The Greeks, from a poetical, artistic, and esthetical, and the Romans, from a social, legal, and political point of view, are still our masters. Historical art-critics, and a certain class of writers, who would wish to see the whole universe one great court of justice with an infinite variety of crimes, subdivided into felony, misdemeanour, petty larceny, &c., will never agree as to the place that should be assigned to the Romans in the world’s history. We are bold enough to assert that the whole of the criminal and sanguinary history of Rome, with her products in literature and art, might be wiped out, and yet philosophically, poetically, and artistically, not the slightest gap in the progressive development of humanity would be found. Socially and legally, we should be sorry to miss a state, which had a mission of its own, which, if well understood, may teach us the causes why the gentler feelings of morality were oppressed, imagination defiled, and every higher artistic aspiration deadened in Rome.

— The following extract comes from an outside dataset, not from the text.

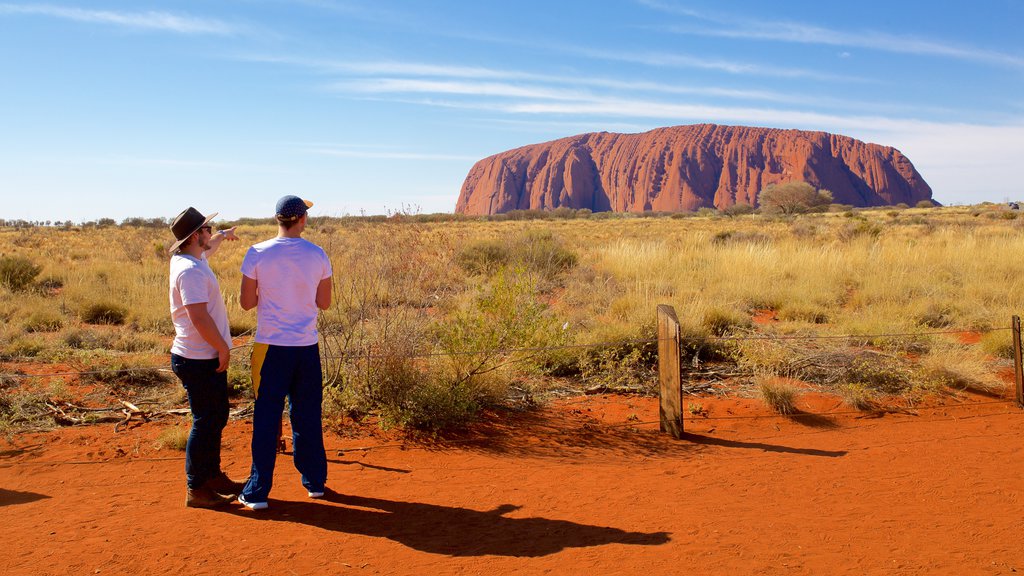 Uluru showing landscape views and desert views as well as a couple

From beginning to end, Roma, read backwards Amor, was an ambiguous ‘state-abstraction,’ which absorbed the individual. The State with the Greeks was a concrete association of freemen. With the Romans, it was the abstract principle of an imaginary union of heterogeneous citizens. The Greeks fostered science and art, poetry and philosophy. The Romans despised science, mocked art, scorned poetry, and never condescended to trouble themselves about philosophy. The Greeks colonised and civilised their colonies, which became the free daughters of a free mother-country, attached to it by the ties of a common worship of beauty and intellectual enjoyment. The Romans conquered, and the conquered provinces were to furnish soldiers or labourers, and were tied by means of despotism to the wheels of the proud state-carriage. The Greeks humanised; the Romans demoralised and organised. The Greeks played at soldiers in a spirit of glorious patriotism. The Romans were soldiers for the sake of conquest, plunder, and vain glory. Spirited youthfulness was the Greek element. Stern and calculating manliness the essence of the Roman. The Greek was free in life, in art, in the worship of his gods, in poetry and philosophy. The Roman was cowed down in religion, politics and life, by the inexorable despotic force of legal phantoms, which turned men into mere machines. The despotism of the East was the despotism of some invisible god, or some visible ruler; and it often overlooked the individual in its almighty position. The democracy of Greece gave fair play to individual talent and genius in art and science; but the Roman self-constituted aristocracy, or rather triple theocracy, invented the inexorable and meddlesome monster authority, to which everything was to be sacrificed. Under the tragi-comical sobriquet, Salus reipublicæ suprema lex (in free translation, ‘whatever we in authority find good, is good’), they committed the blackest crimes, which no historian could venture to commit to paper in their whole truthfulness.

This triple theocracy presented itself in the shape of seven mythical kings; in the form of a nominal republic, which was in reality a military and theocratic aristocracy; and lastly in the theocracy of the Cæsars, which in course of time was changed into a papal theocracy.